I think the creation of the AST is optional. The Abstract Syntax Tree is useful for subsequent processing like semantic analysis of the parsed program.
Only you can decide if you need to create one. If your only objective is syntactic validation then you don't need to generate one. In javacc (similar to ANTLR) there is a utility called JJTree that allows the generation of the AST. So I imagine this is optional in ANTLR as well.
There are certainly plenty of docs and howtos on resolving shift/reduce errors. The bison docs suggest the correct solution is usually to just %expect them and deal with it.
When you have things like this:
S: S 'b' S | 't'
You can easily resolve them like this:
S: S 'b' T | T
T: 't'
My question is: Is it better to leave the grammar a touch ambiguous and %expect shift/reduce problems or is it better to try to adjust the grammar to avoid them? I suspect there is a balance and it's based on the needs of the author, but I don't really know.
As I read it, Your question is "When is an ambiguous grammar or production rule OK?"
First consider the language you are describing. What would be the implication of allowing an ambiguous production rule into the language.

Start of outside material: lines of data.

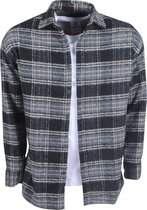 Megaman  - Heren Overhemd - Overshirt - Flanel - Geblokt - Zwart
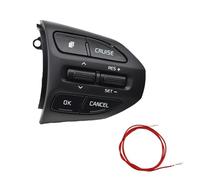 Interruptor multifunción para Volante de Coche, botón de Control de Crucero, Interruptor de Volumen con línea roja, Compatible con KIA K2 Rio 2017, 2018 y 2019 Rio 4 X Line (Modelo B)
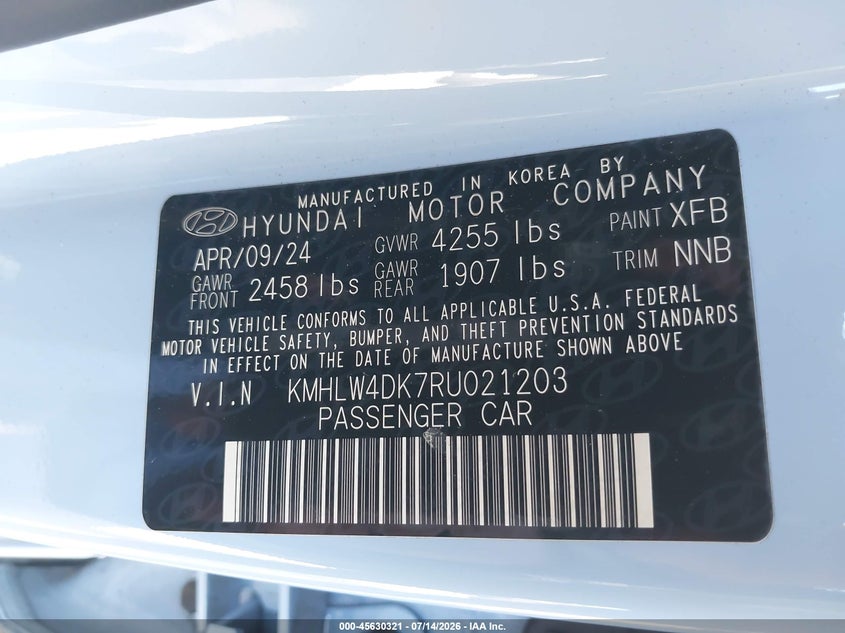 2024 Hyundai Elantra N VIN: KMHLW4DK7RU021203 Lot: 45630321
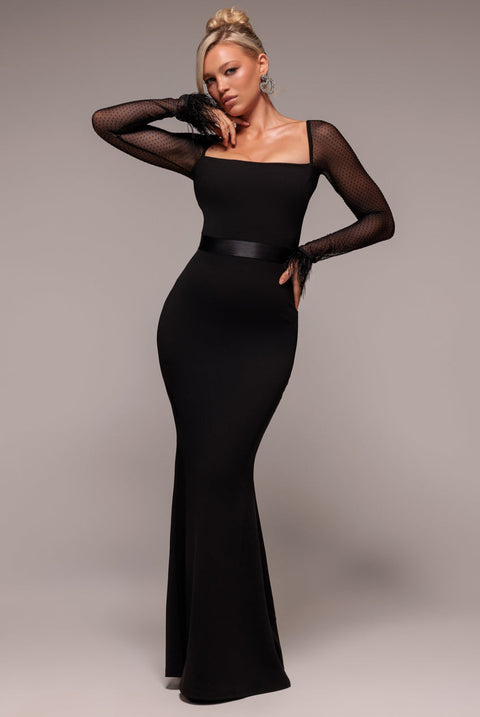 Goddiva Dobby Mesh Feather Sleeve Evening Maxi Dress - Black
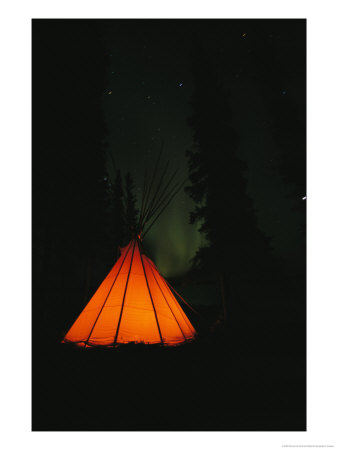 The Glow From A Campfire Makes A Shadow On A Tepee by Raymond Gehman Pricing Limited Edition Print image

Your example describes a language which might include an expression like: t b t b t b t
The expression, resolved as in your second example would be (((( t ) b t) b t ) b t ) but in an ambiguous grammer it could also become ( t b ( t b ( t b ( t)))) or even ( t b t ) b ( t b t ). Which could be valid might depend on the language. If the b operator models subtraction, it really shouldn't be ambiguous, but if it was addition, it might be ok. This really depends on the language.
The second question to consider is what the resulting grammar source file ends up looking like, after the conflicts are resolved. As with other source code, a grammar is meant to be read by humans, and secondarily also by computers. Prefer a notation that gives a clearer explanation of what the parser is trying to do from the grammar. That is, if the parser is executing some possibly undefined behavior, for example, order of evaluation of a function's arguments in an eager language, make the grammar look ambiguous.
You can guide the conflict resolution with operator precedence. Declare 'b' as an left- or right-associative operator and you have covered at least that case.
For more complex patterns, as long as the final parser produces the correct result in all cases, the warnings isn't much to worry about. Though if you can't get it to give the correct result using declarations you would have to rewrite the grammar.
In my compiler course last semester we used bison, and built a compiler for a subset of pascal.
If the language is complex enough, you will have some errors. As long as you understand why they are there, and what you'd have to do to remove them, we found it to be alright. If something was there, but due to the behaviour would work as we wanted it to, and would require much to much thought and work to make it worth while (and also complicating the grammar), we left it alone. Just make sure you fully understand the error, and document it somewhere (even for yourself), so that you always know what's going on with it.
It's a cost/benefit analysis once things get really involved, but IMHO, fixing it should be considered FIRST, then actually figure out what the work would be (and if that work breaks something else, or makes something else harder), and go from there. Never pass them off as commonplace.
When I need to prove that a grammar is unambiguous, I tend to write it first as a Parsing Expression Grammar, and then convert it by hand to whatever grammar type the tool set I'm using for the project needs. In my experience, the need for this level of proof is very rare, though, since most shift/reduce conflicts I have come across have been fairly trivial ones to show the correctness of (on the order of your example).